Last night I spoke before the Scotland County Junior Service League and was thrilled at the reception. They said if we really get a day center for retarded children started in our county, they would eventually take over the support of it.
You know, Mother, I’m not really a leader at all and when I find myself suddenly thrust into positions of leadership, I want to go hide. I know that if I do take it, I have to do it right. I just feel totally unequal to the huge task of starting a day center, and now that I have succeeded in getting the public support and backing, I wish some miracle wold drop the right kind of person to take over from here on out. We got a $1,000 check from the United Fund. The director announced last night, “No cause on our list moved us more deeply than Mrs. Buie’s plea for retarded children. We are unable this year to give the organization the full amount requested but we hope very much she will ask us again next year and that we can support the cause to the hilt.”
I had planned to end my talk last night with a “Prayer for Retarded Children” written by the editor of Children Limited, but somehow when the time came it just didn’t seem what I wanted. It’s a beautiful poem but definitely has a note of heartbreak which I didn’t want to end on, so I prayed inwardly for the right words to be put in my mouth, and I think they were because I suddenly realized when I sat down there wasn’t a dry eye in the house.
Here’s what was given to me by inspiration to say:
Our slogan for National Retarded Children’s Week is “Give thanks by giving to help the retarded child.” To you who are parents of normal children, that means gratitude for the health of those children and I’m sure from the warmth of your hearts you give gladly to those less fortunate. To those of us who are parents of a retarded child, it has a different meaning but we too give thanks – thanks – thanks for the interest shown by a group like you here tonight, thanks for the awakening of the public to its responsibility to retarded children, the desire to give our children the same rights as other children – to an education within the limits of their abilities, and to their own small place in the world.
And then, last, we give a more special thanks to the retarded child himself for the very special gifts he has brought in his own special way. Somehow our love for our own children is a kind of extension of self-love – we bask in reflected glory for all the A report cards, scout awards, beauty contests. Sometimes we demand that our children compensate for all the things we were ambitious to do and somehow didn’t. But the love we bear a retarded child is a selfless love, knowing that we can expect nothing in return and yet, perhaps we receive through him the most precious gifts of life. Because we love a retarded child, we are given a greater love for all humanity. Because we love a retarded child, we are given deeper compassion for all suffering and more inspired motivation to act in our small way to alleviate it.
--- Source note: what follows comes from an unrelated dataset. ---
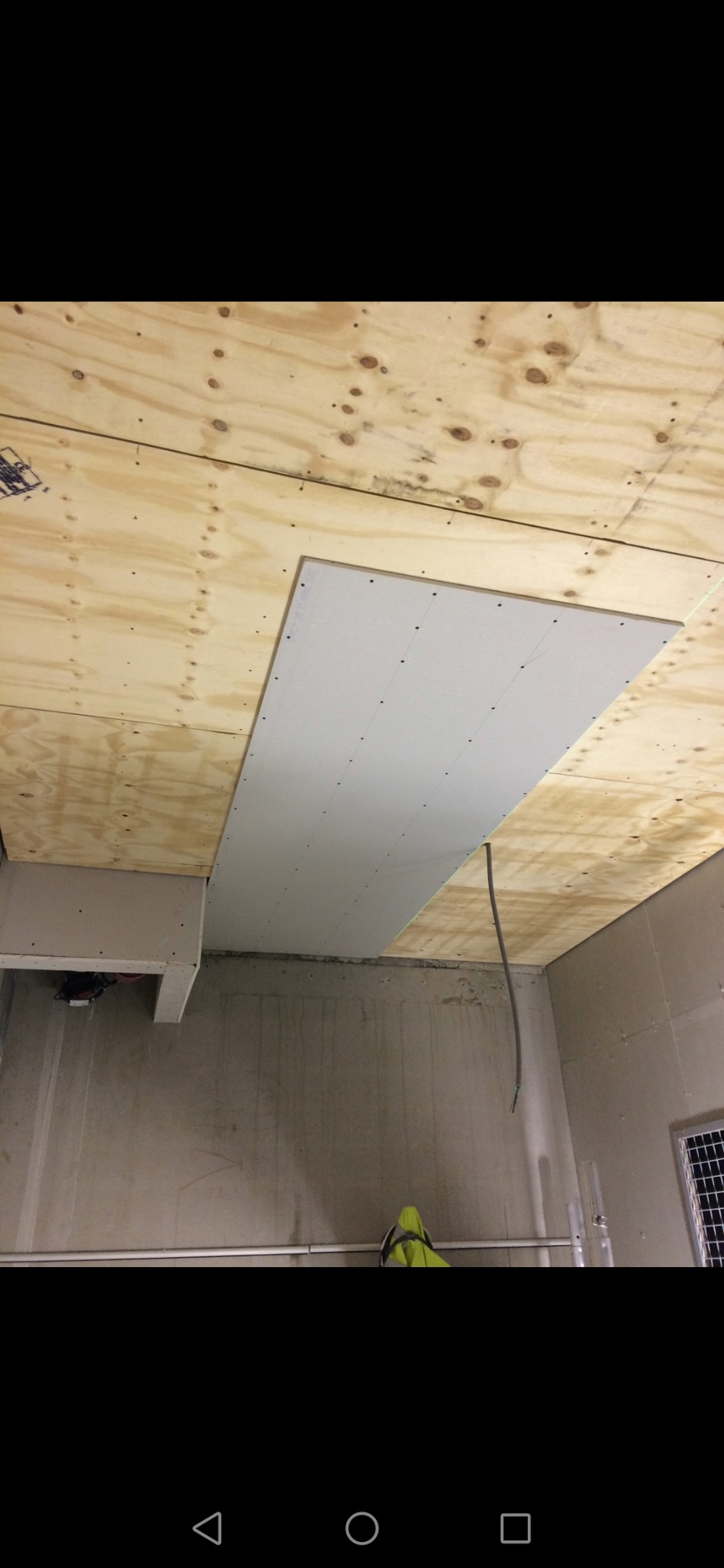 Montaż płyty karton gips na drewnianym suficie, widoczne ślady po wkrętach, wiszący kabel elektryczny i fragment ściany z widocznymi śladami po montażu.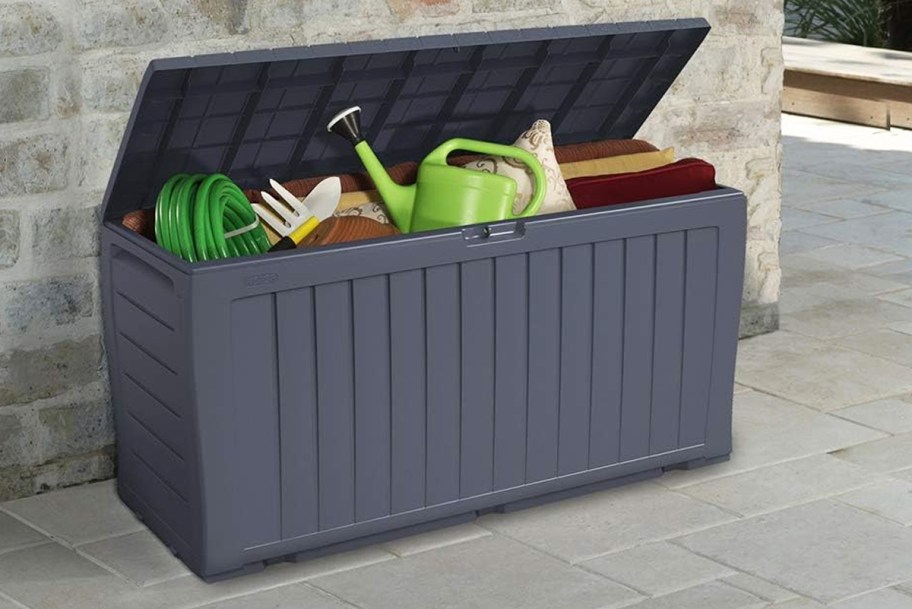 gardening supplies inside a grey deck box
And because we love a retarded child, God in His mysterious way, through the hands of a little child, has led us out of the dark paths of self-pity, resentment and heartbreak into the greater light of understanding what our Master meant when He said: “In as much as you do it to the least of these, my brethren, you do it also unto me.”
I hadn’t planned to say that, so I feel sure that the words were “put” in my mouth, because they struck such a response. A woman came up afterwards to tell me what a wonderful talk it was and how she admired what I was doing. She didn’t tell me until later, in private, that she is the mother of a mongoloid little girl Johnjon’s age. She is just a grand person, but she has never talked about the child even to her closest friends or admitted outside the family that there’s anything wrong. They live out from town, and people seldom see her daughter. I have an idea that her daughter is trainable and educable. She talks and feeds herself, and is not nearly so under-sized as Johnjon is. If her mother could just accept her daughter as she is and for what she is, all the bottled-up heartache and resentment would melt away, and I bet the daughter would do better, too.